I'm actually leaning towards making a veggie stir fry for dinner (I am searching for a recipe right now...) And I realized I have some carrots in the fridge for a snack.
This is awesome! I'm not sure what the calorie count is but it has to be pretty low. I ate this while doing the South Beach diet.
Garbanzo Beans Stir Fry
Ingredients:
* 2 Tablespoons Olive Oil
* 1 Tablespoon chopped fresh Oregano
* 1 Tablespoon chopped Fresh Basil
* 1 clove garlic crushed (I used minced and 1 teaspoon)
* 1 can (15 oz) garbanzo beans
* 1 zucchini, halved and sliced
* 1/2 cup sliced Portobello mushrooms
* 1 red onion, chunked
* 1 red pepper sliced
* 1-2 plum tomatoes chopped
Directions:
* Heat oil in large skillet over medium heat.
* Stir in all the spices, add the garbanzo beans and zucchini. Stir well to coat veggies with the spices. Cook covered for 10 minutes stirring occasionally.
* Stir in mushrooms and cook until tender, stirring occasionally.
* Place the chopped tomato on top of the mixture. Cover and let the tomatoes steam for few minutes, but don't let them get mushy.
* Serve immediately.
You will love it!!!! Let me know how it goes. I tried to make it once with dried herbs instead of fresh and reg mushrooms instead of portabella and it wasn't as good. I highly recommend following the recipe exactly.
You can avoid running low on calories by planning your meals for the entire day staying within your calorie allowance.
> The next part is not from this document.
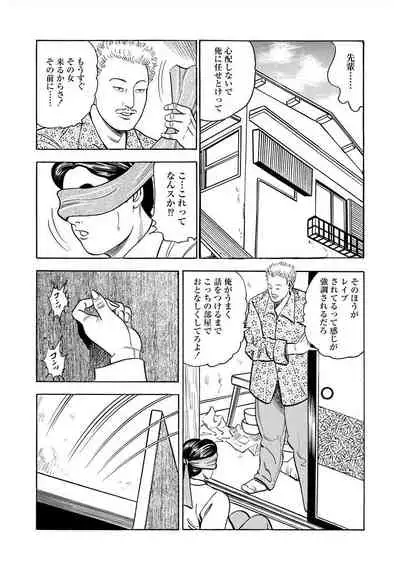 [Murasaki Reika] Enman Kazoku Okaa-san to no Himitsu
I do this everyday, takes me about five minutes. It is not so rigid that I can't make changes, I just remember to keep calories the same or nearly so.
You can avoid running low on calories by planning your meals for the entire day staying within your calorie allowance. I do this everyday, takes me about five minutes. It is not so rigid that I can't make changes, I just remember to keep calories the same or nearly so.
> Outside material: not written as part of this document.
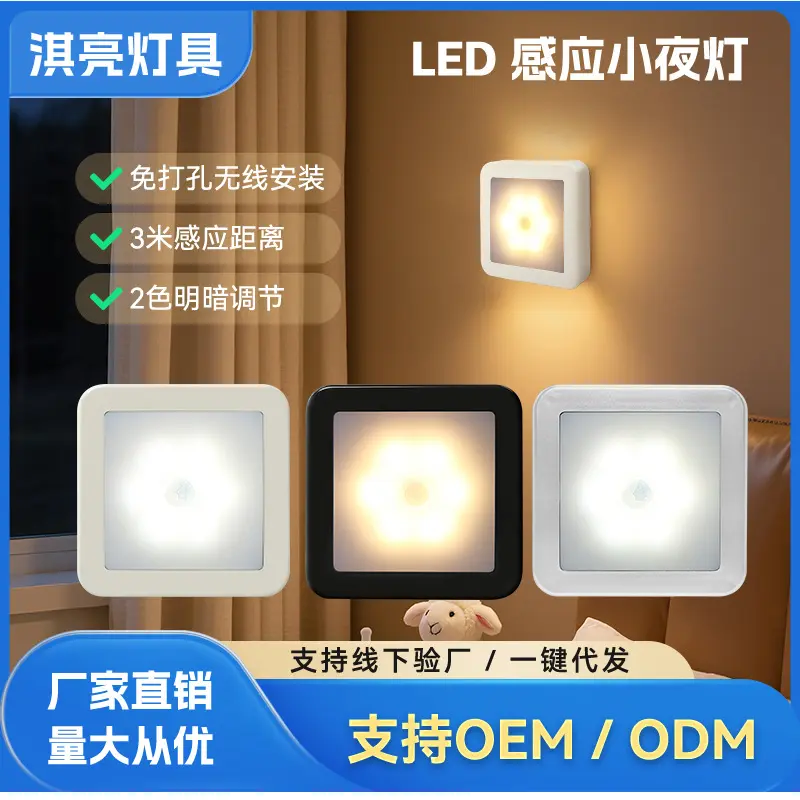 跨境新款方形人体感应灯小夜灯橱柜灯起夜灯LED室内照明感应壁灯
Sometimes easier said than done...
My problem was a "big" splurge that hadn't been planned.
420 isnt so hard, just keep the veggies high, the protein lean and the starches in small portions.
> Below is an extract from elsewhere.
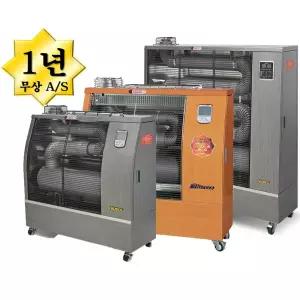 대성하이원 돈풍기 원적외선 석유히터 튜브히터 열풍기 20평 30평 40평 50평 60평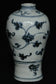 A MING DYNASTY BLUE AND WHITE MEIPING VASE 15TH CENTURY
One of my favorite decadently filling low calorie meals will be a huge stirfry of low starch veggies - toss in some italian seasoning and some tomato sauce and then add 3-4 oz of cooked chicken breast and maybe an ounce (dry wt - or ~ 1/2 cup cooked) rotini or other whole wheat pasta. It feels like a huge plate of spaghetti but since there is so little pasta its really not caloric. Dust with a little parmesan and depending on variety of stuff it usually comes in around 350 calories.
Or if you arent egged out, breakfast for dinner. 3 eggwhites, 1 whole egg, lots of veggies, ounce of ham, sprinkle of cheese and a slice of whole grain bread.
Okay, so I just checked the calories for the Garbanzo bean stir fry. There are four servings to a batch and each serving is only 83 calories. You could eat the whole thing and be stuffed and still be within your limit.
I'm making this for my family tonight for dinner....actually I might make this for myself and save the leftovers and give them something else.